Cumpre ressaltar, quanto ao momento a ser efetivado o desligamento do servidor e retorno ao exercício de suas funções no órgão de origem que, apesar de o Ofício-Circular nº 03/SRH/MP de 02/05/2005, informar que os servidores requisitados “poderão” permanecer em exercício até definição da Consultoria Jurídica do Ministério do Planejamento - CONJUR/MP, esta, segundo uma interpretação teleológica, não parece ser a solução adotada na legislação de regência e nem mesmo no entendimento do STF. Com efeito, como se vê no acórdão acima referenciado, findo o prazo da requisição, há que se efetivar o “NECESSÁRIO E AUTOMÁTICO DESLIGAMENTO DO SERVIDOR CEDIDO, COM A SUA CONSEQÜENTE DEVOLUÇÃO À REPARTIÇÃO DE ORIGEM”.
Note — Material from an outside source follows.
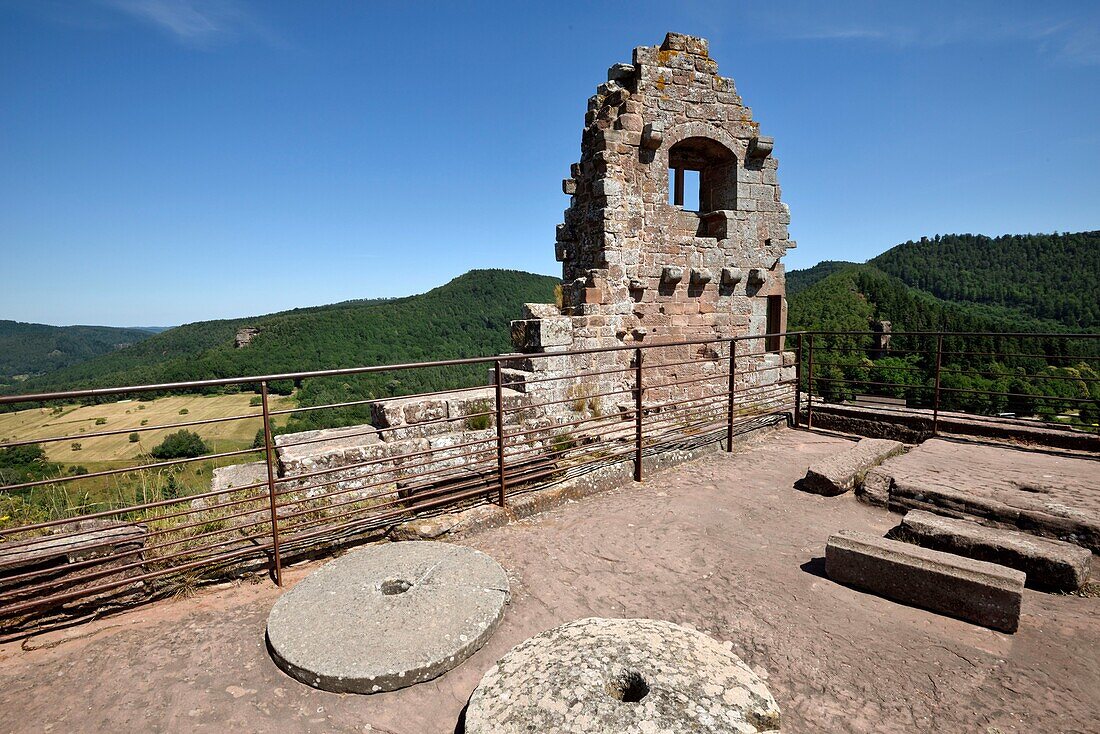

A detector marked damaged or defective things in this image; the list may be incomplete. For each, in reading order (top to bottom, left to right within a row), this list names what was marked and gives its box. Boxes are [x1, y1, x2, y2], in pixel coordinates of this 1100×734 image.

Neste passo, caso o prazo da cessão já tenha se expirado, entende-se que deve a autoridade administrativa promover o retorno do servidor, não sendo necessário que se aguarde um posicionamento da CONJUR do Ministério do Planejamento, posto que não há vinculação legal a tal entendimento, e o próprio ofício circular, expedido há mais de doze anos, abre a possibilidade desse retorno quando utiliza a expressão “poderão”, deixando tal decisão ao crivo do gestor de cada entidade.
Diante da relevância do tema, vale destacar, ainda, que o TCU se pronunciou sobre o uso abusivo do instituto da requisição e das posteriores prorrogações realizadas pelos TRE’s, em detrimento dos princípios constitucionais anteriormente suscitados, por meio do histórico Acórdão nº 199/2011 (texto na íntegra em anexo), do qual transcreve-se o seguinte:
“(...)
18. (...) Por lado, cumpre esclarecer que a requisição de servidores de outros órgãos, como previsto no artigo 30, XII e XIV, do Código Eleitoral, é destinada para suprimir o acúmulo de serviço ocasional, seja nas Zonas Eleitorais ou nas Secretarias, sendo evidente que esse fato deve ocorrer de forma excepcional e temporária.
(...)
Verifica-se, portanto, da simples leitura das regras reproduzidas que o estabelecido por este Conselho, no bojo da Resolução n. 88/2009-CNJ, no que tange ao limite percentual para requisição de serventuários por parte da Justiça Eleitoral, guarda correspondência com a legislação Especial relativa à matéria, o que, repito, já assentado pelo Plenário desta Corte.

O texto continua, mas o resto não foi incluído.